It is not clear to me how one can map those shapelets to a feature?

GillesVandewiele commented 7 years ago

For k classes, you could have a 'best' shapelet for each class and then the distances to each of these classes could be added (k features), or the index of the closest shapelet could be added (1 feature).

The difference maybe is that here, a whole dataset is required to extract the 'best' shapelets instead of just 1 time serie.

MaxBenChrist commented 7 years ago

By this you get a feature calculator with a state. Essentially you have to train the calculator (to get the shapelets) and then predict with it ( to get the distance to the class).

This means that tsfresh would have need to have separated data sets for train / test set. Up until now, the users can extract features for their whole data and do the train/test split by themselves.

Don't get me wrong, I don't say that the shapelet feature is not helpful, but If we implement it, we would have to change our API (the extract_feature method would be replaced by a fit and transform )

MaxBenChrist commented 7 years ago

We already have sklearn based transformers, so we could start with that.

However, the parallelization is incompatible with feature calculators having a state. I don't see an easy solution for that at the moment.

jneuff commented 7 years ago

I haven't looked at the paper yet. tsfresh being stateless has many advantages, but sooner or later we might have to introduce state to support features like this one. We should start thinking about ways to do this. As @MaxBenChrist said, our sklearn-transformers are probably a good starting point.

MaxBenChrist commented 7 years ago

the biggest drawback will be that our APIs become more complicated. Eventually it lead to removing the easy to use extracting_features and extracting_relevant_features methods and instead only offering the transformers.

earthgecko commented 7 years ago

@GillesVandewiele I have watched this one closely, that shapelet extraction looks very interesting, even it if is not totally suited to the stateless of tsfresh, it is very interesting in terms of the specific timeseries domain, thanks for pointing it out. It will be interesting to see if is can be hooked into tsfresh via the sklearn-transformers as just another feature, however I would say it is an interesting feature, so as they say, where there is a will there is a way :)
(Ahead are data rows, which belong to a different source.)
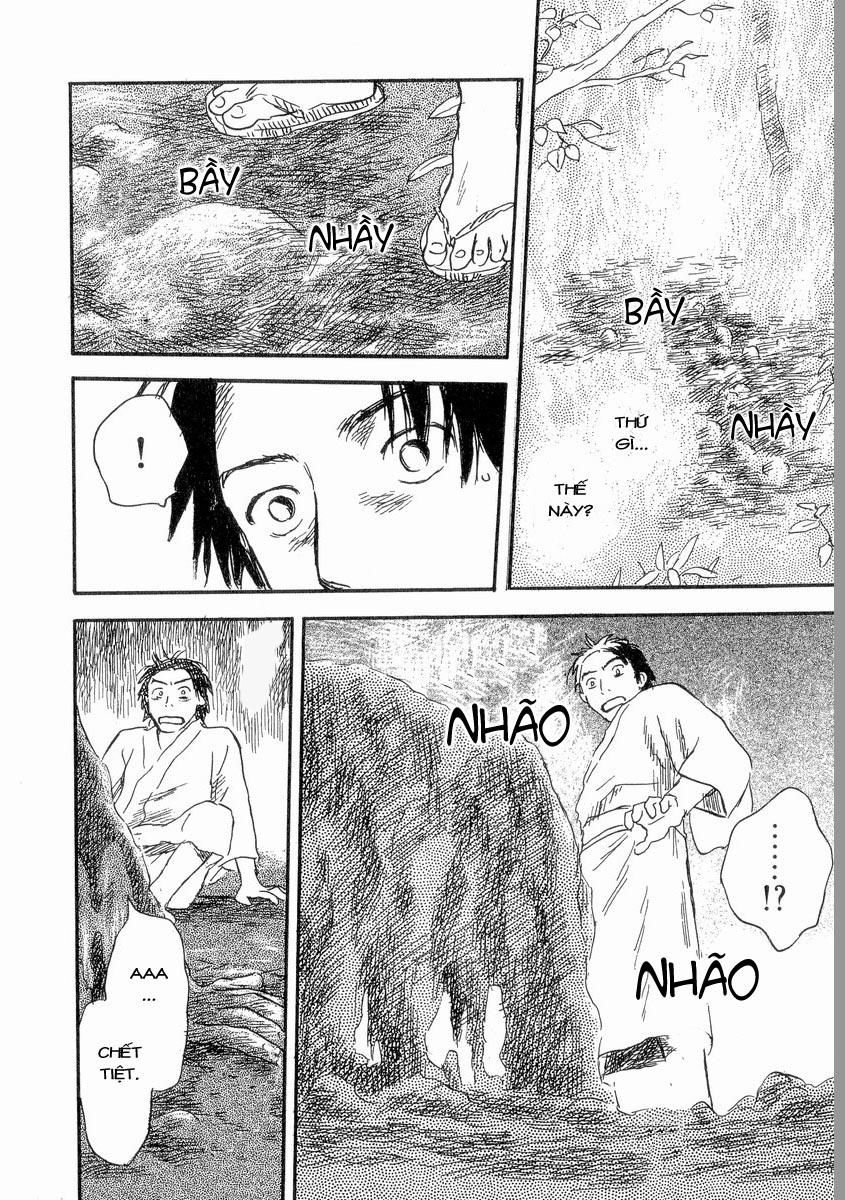 Mushishi Chapter 23 - 38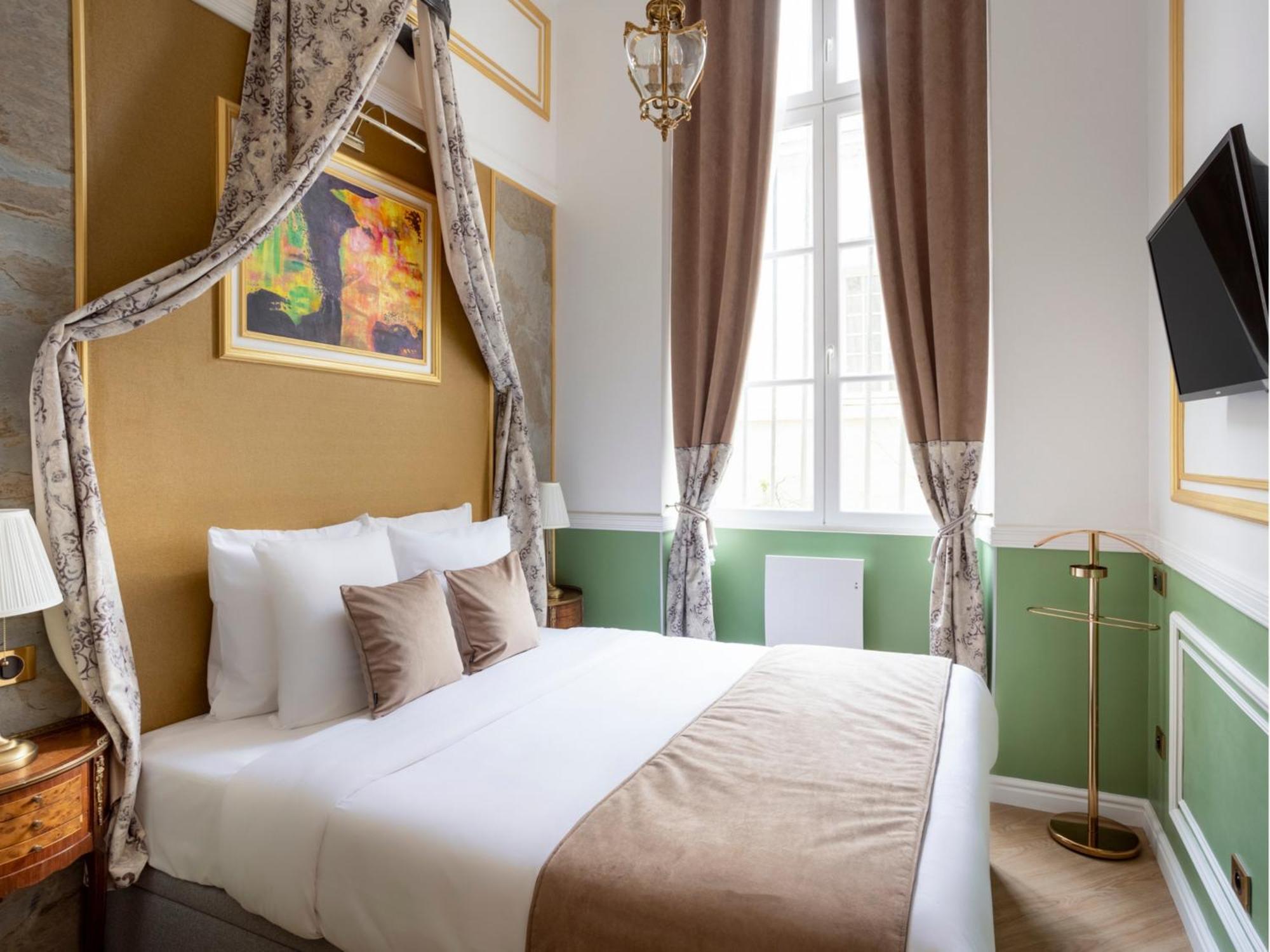 Merveil - Luxury Suite - Notre-Dame - Saint Louis Париж Екстериор снимка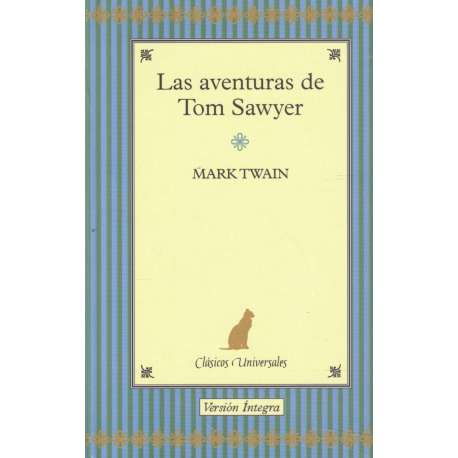 Las aventuras de Tom Sawyer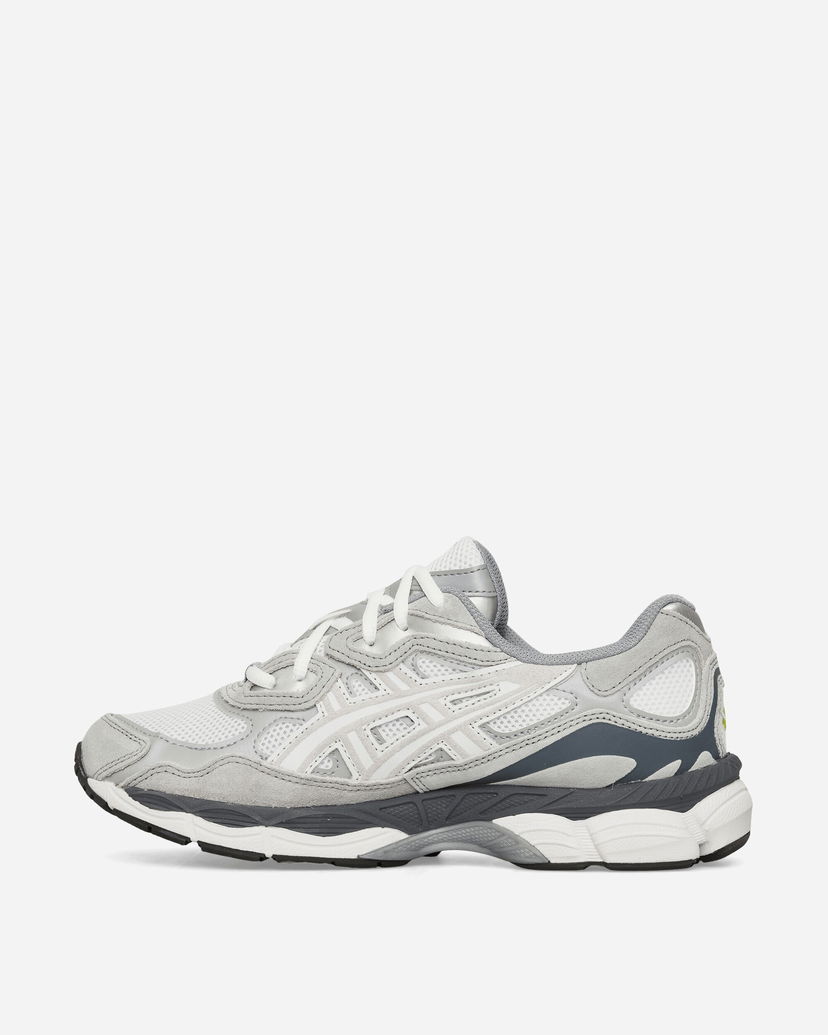 Tennarit ja kengät Asics GEL-NYC Harmaa | 1203A383-109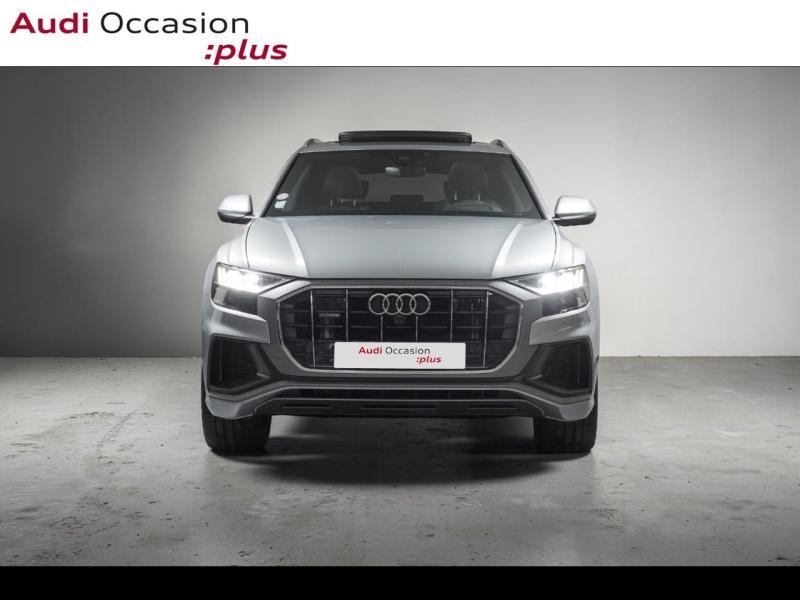 Voitures occasions Audi Q8 S line Paris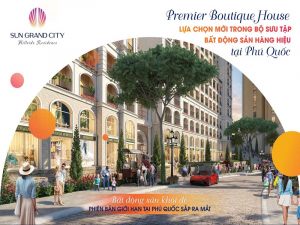 Premier Boutique House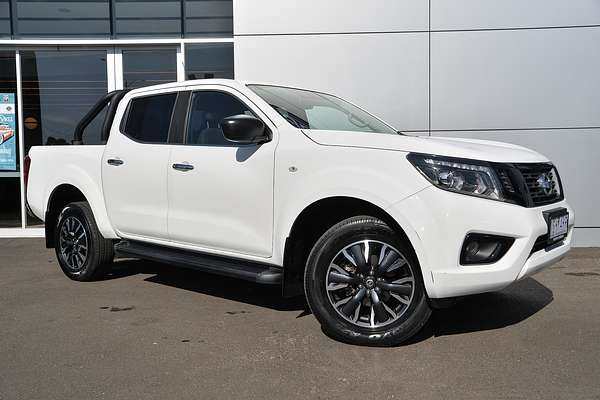 2020 Nissan Navara ST D23 Series 4 Rear Wheel Drive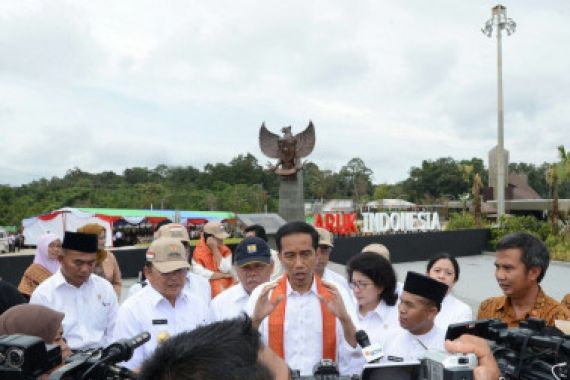 Jokowi, Kebinekaan, dan Persatuan Indonesia - JPNN.COM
But I would agree, that do not make the tsfresh APIs more complicated, extension it often preferable to modification in many instances. I studied Botany and when I originally saw this when you posted it and looked at the Kaggle and Eamonn Keogh endorsed paper and I actually wondered to myself...

Could every single timeseries be closest matched to a KNOWN leaf profile, there being a lot of leaves... Is there a data source for ALL KNOWN leaf profiles - images, other?
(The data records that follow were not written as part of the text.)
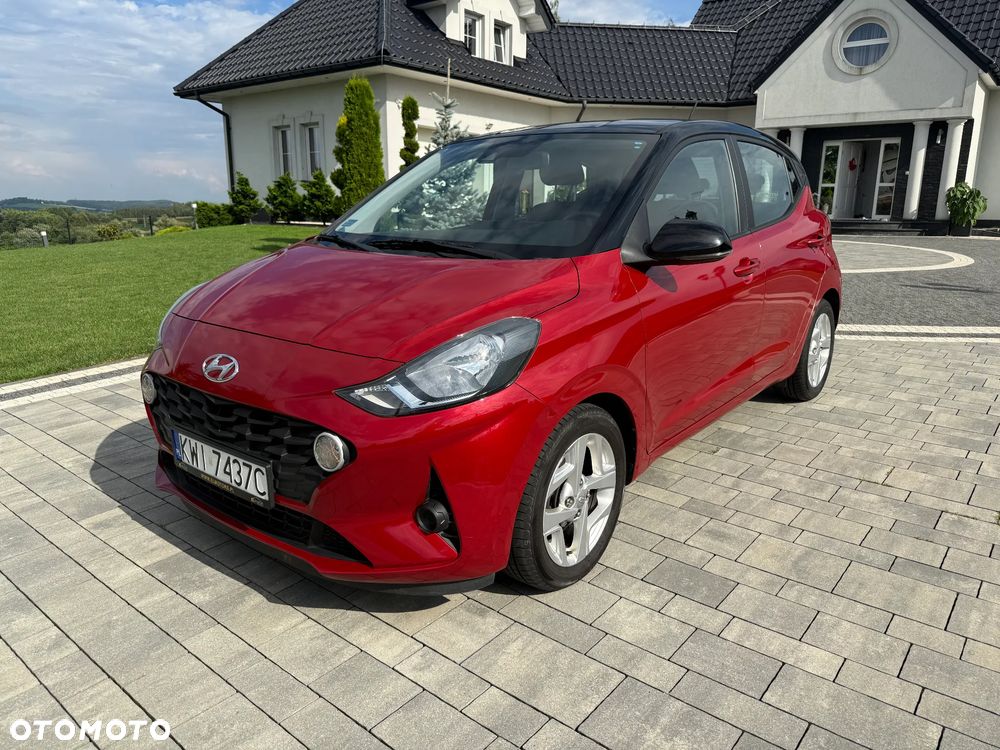 Hyundai i10 1.2 Comfort - 1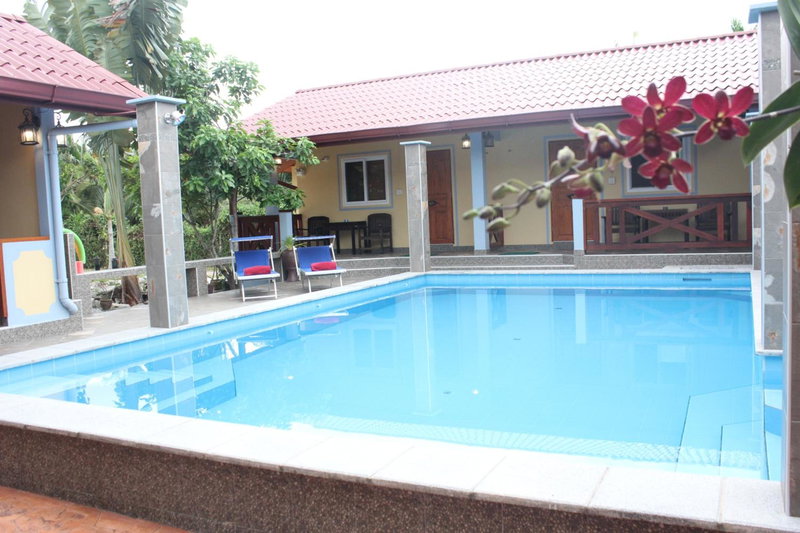 Rimlay Park Resort, Phatthalung, Thailand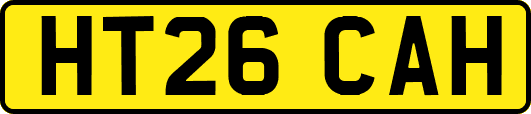 HT26CAH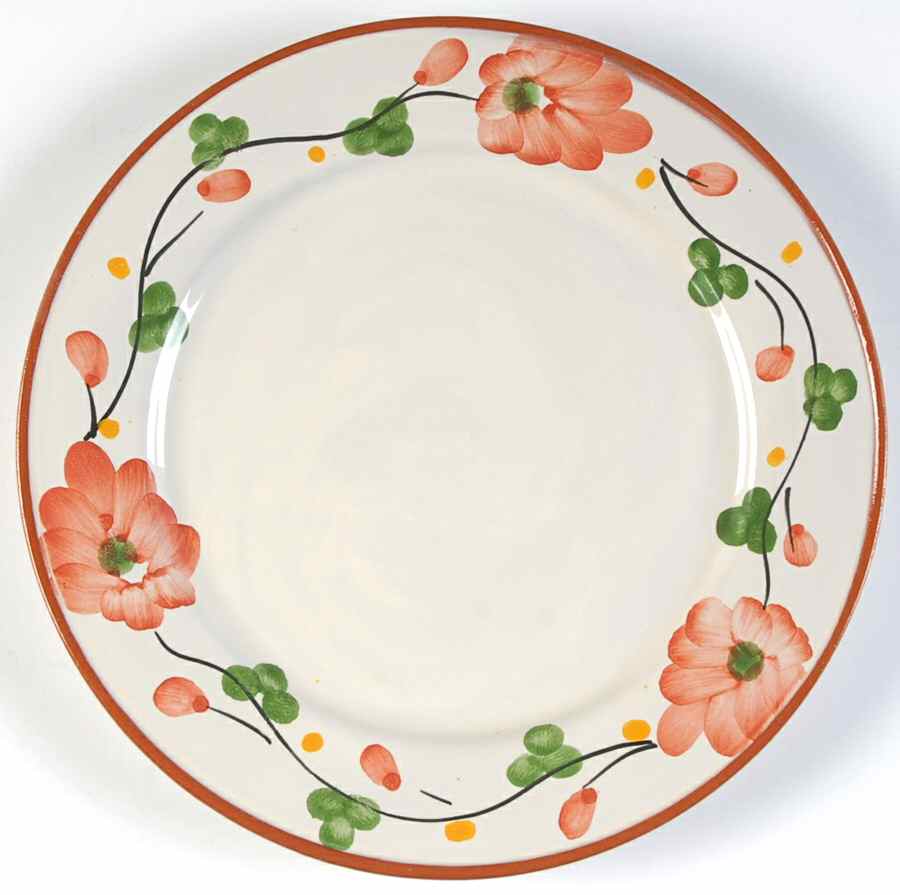 CPU8 Salad Plate by Cost Plus-1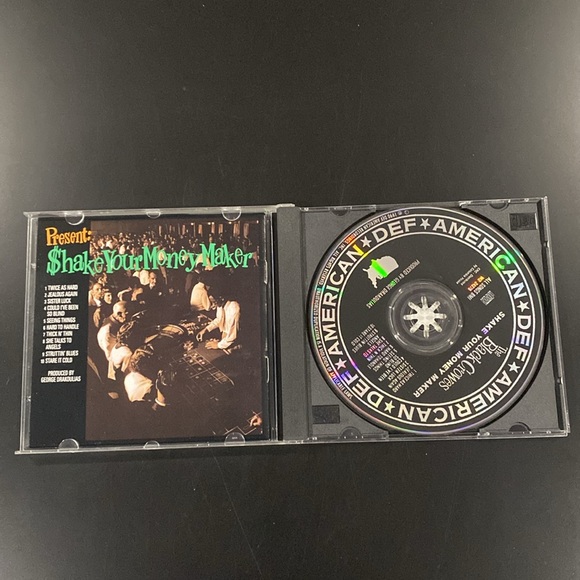 The Black Crowes: Shake Your Money Maker - CD - Picture 3 of 4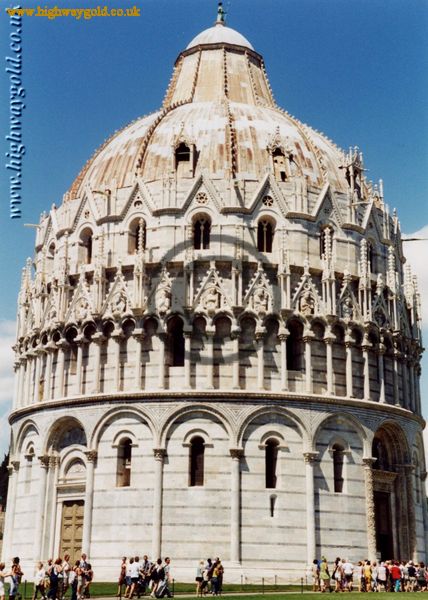 The Baptistry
If there was... every leaf could be converted to a "timeseries", the features for every leaf profile could then be calculated with tsfresh. Then you could compare timeseries on the score of the leaf profiles and compared to the score of the timeseries (perhaps with some scale equality). But you could possibly compare timeseries to known leaves. Timeseries similarity comparisons. However, you can possibly do that simply with tsfresh alone, without shapelet extraction.

However, I think adding some known, natural, evolutionary baselines would be super cool :D

MaxBenChrist commented 7 years ago

We had some discussion about the statelessness before. Personally, I would love to have something like k-Nearest-Neighbour with dynamic time warping as an additional feature calculator.

But, one thing we should not forget is that having a state also means that the parallelisation of tsfresh becomes way, way harder to implement, you would have to parallelize every single feature having a state.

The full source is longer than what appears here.